EXERCISE PROMPT -> Copy each of the entries below faithfully, setting aside any pictures.

---------- AVAILABLE DATA ----------

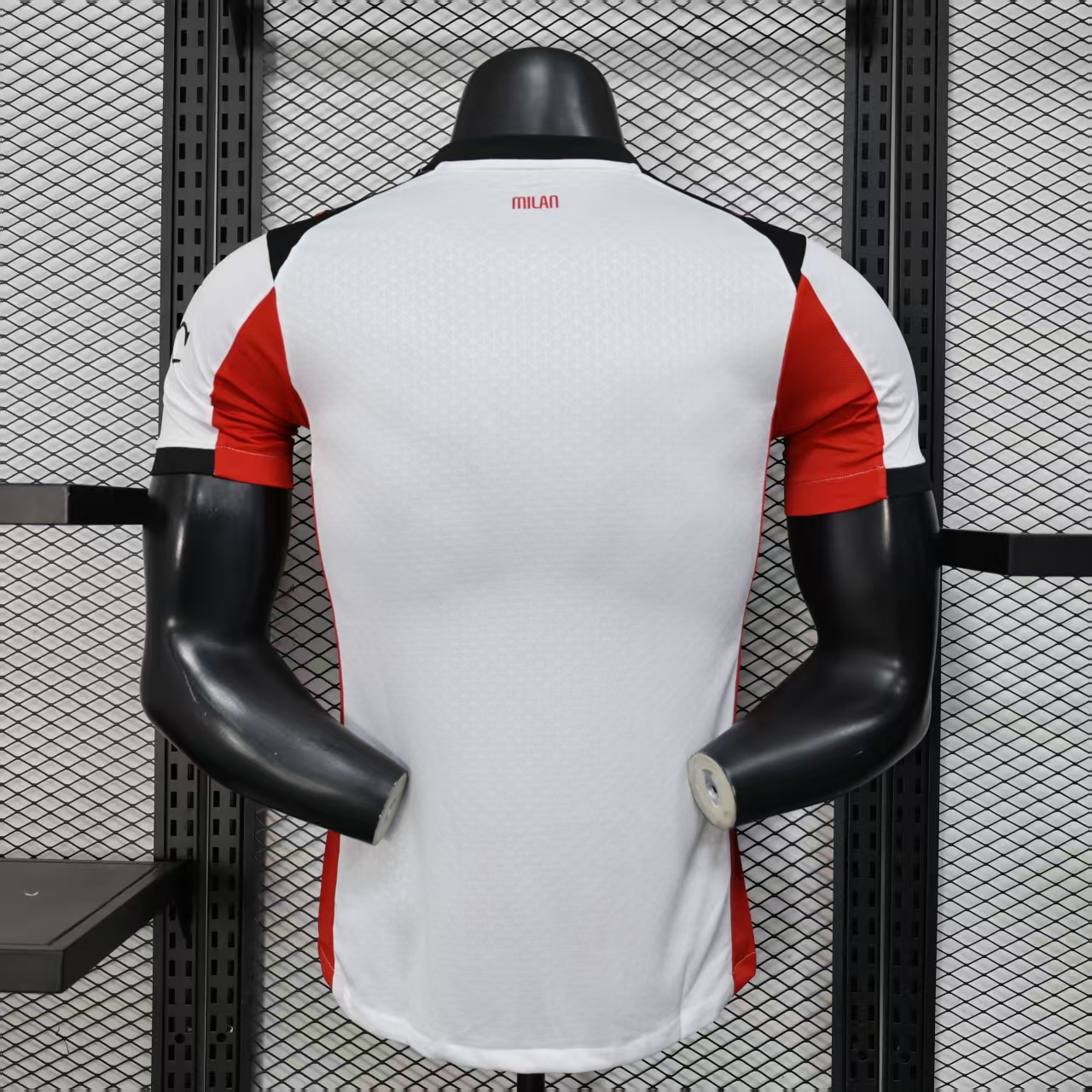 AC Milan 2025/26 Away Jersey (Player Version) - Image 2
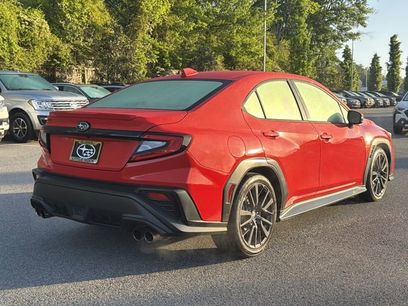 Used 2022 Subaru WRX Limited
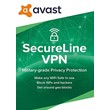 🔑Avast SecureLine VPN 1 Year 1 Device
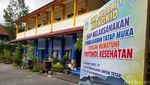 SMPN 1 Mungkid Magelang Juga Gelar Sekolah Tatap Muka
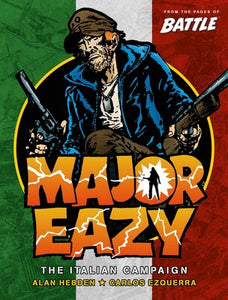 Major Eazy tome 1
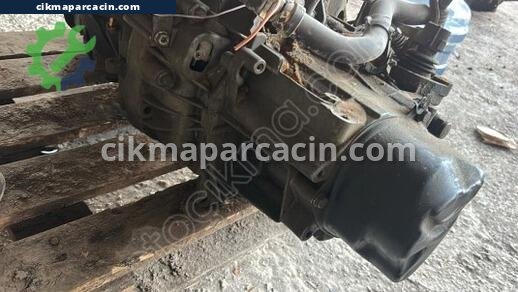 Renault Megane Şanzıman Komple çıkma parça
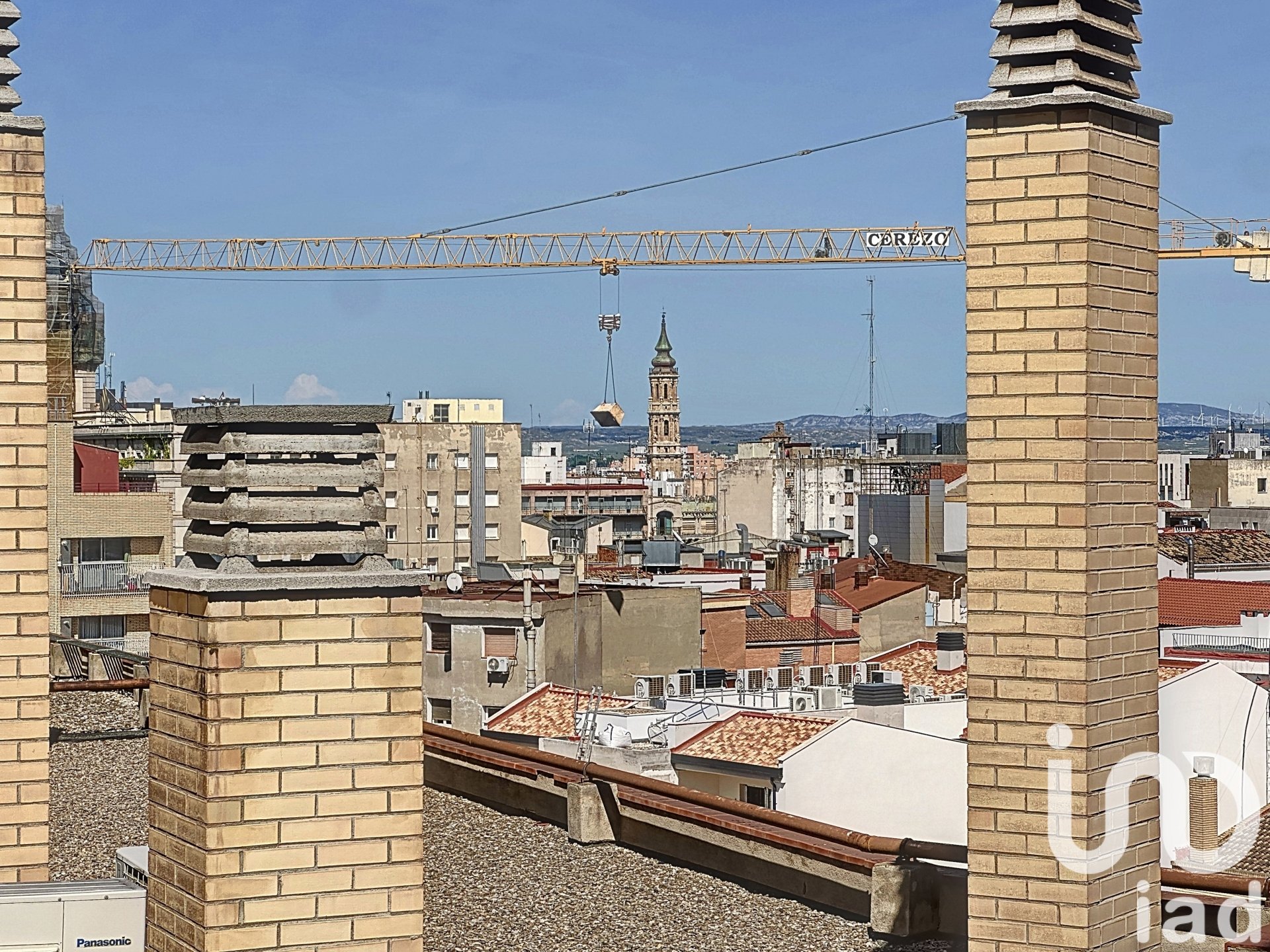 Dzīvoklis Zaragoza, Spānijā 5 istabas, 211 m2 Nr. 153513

----------

ANSWER AREA ->
 AC Milan 2025/26 Away Jersey (Player Version) - Image 2
 Used 2022 Subaru WRX Limited
 🔑Avast SecureLine VPN 1 Year 1 Device
 SMPN 1 Mungkid Magelang Juga Gelar Sekolah Tatap Muka
 Major Eazy tome 1
 Renault Megane Şanzıman Komple çıkma parça
 Dzīvoklis Zaragoza, Spānijā 5 istabas, 211 m2 Nr. 153513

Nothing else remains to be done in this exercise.